Néolithe met en place une approche circulaire pour la gestion des déchets, offrant une alternative à l’enfouissement et à l’incinération.
Néo­lithe met en place une approche cir­cu­laire pour la ges­tion des déchets, offrant une alter­na­tive à l’enfouissement et à l’incinération.

Des compétences et une volonté

Ces com­pé­tences, les jeunes poly­tech­ni­ciens les ont. Je pense qu’ils ont éga­le­ment démon­tré qu’ils avaient envie de par­ti­ci­per à cette révo­lu­tion éco­lo­gique. Leur envie ne doit pas seule­ment se tra­duire par un mili­tan­tisme poli­tique ou bien par une prise de dis­tance avec la socié­té. En effet, la France a inves­ti beau­coup trop d’argent sur nous pour que nous déser­tions ou que nous nous conten­tions de limi­ter notre empreinte car­bone per­son­nelle en man­geant végé­ta­rien ou en allant au bureau à vélo, bien que cela soit une sobrié­té néces­saire. L’industrie, c’est un outil, un bras de levier incroyable pour avoir un impact consi­dé­rable sur le monde. C’est la pos­si­bi­li­té, en une quin­zaine d’années, de trans­for­mer un sec­teur d’activité et de chan­ger les méthodes de consom­ma­tion, de dépla­ce­ment ou de chauf­fage de mil­liards de personnes.

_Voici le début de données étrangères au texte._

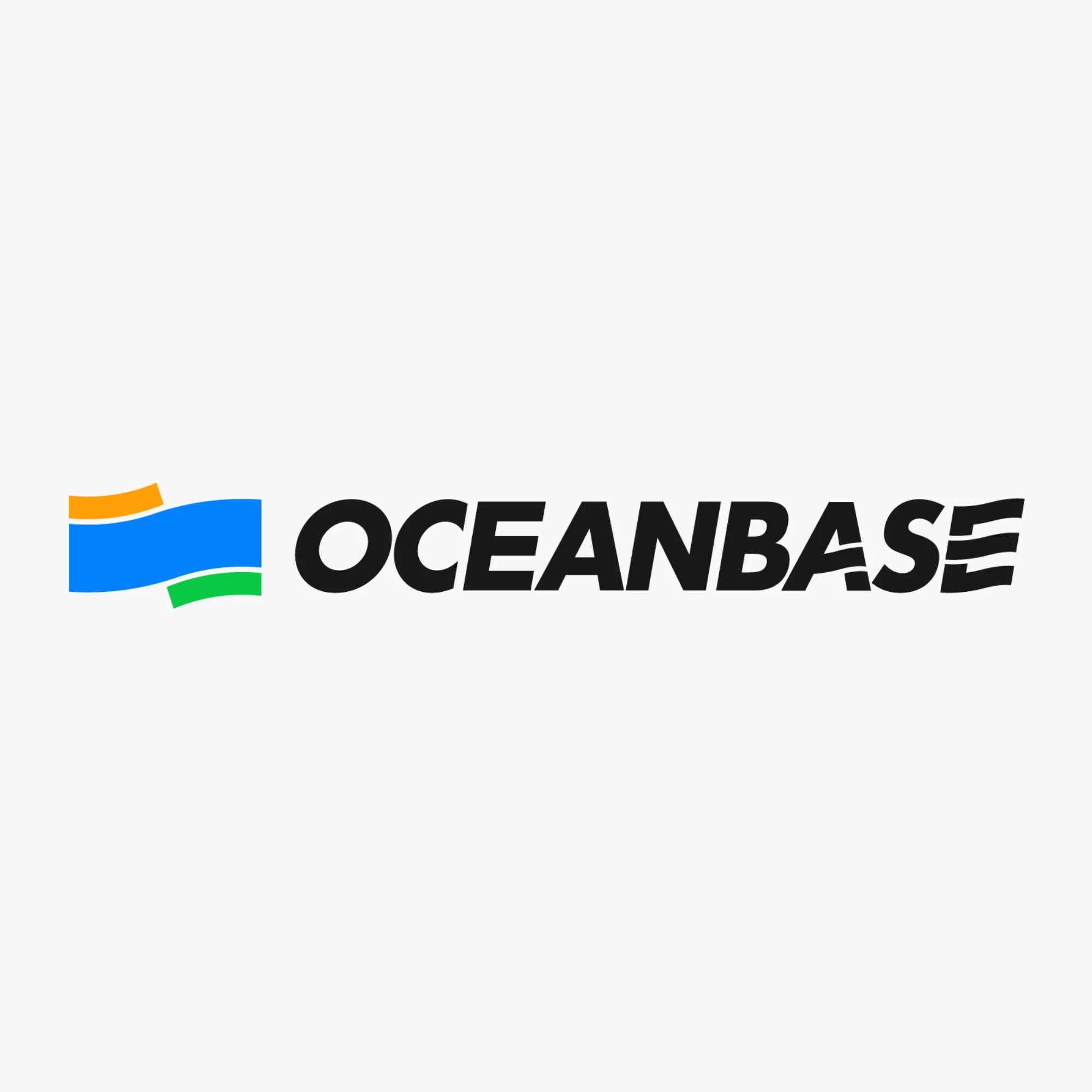 OceanBase - image 1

Néolithe transforme les déchets en granulats.
Néo­lithe trans­forme les déchets en granulats.

Un devoir moral

Je pense qu’il est du devoir moral de chaque élève ayant choi­si d’intégrer l’X de cher­cher à être utile à la socié­té à la hau­teur de l’ambition que la nation a pla­cée en nous, sinon il fal­lait lais­ser sa place à plus méri­tant. Il y a bien sûr de mul­tiples façons d’être utiles à la socié­té, mais je peux vous assu­rer qu’en cher­chant à contri­buer à la créa­tion d’une nou­velle indus­trie éco­lo­gique, qui rend sou­te­nable notre socié­té et qui place la France comme fer de lance de la révo­lu­tion à venir, vous n’aurez pas per­du votre talent. Les défis sont immenses, incroyable­ment sti­mu­lants, et tout reste à faire.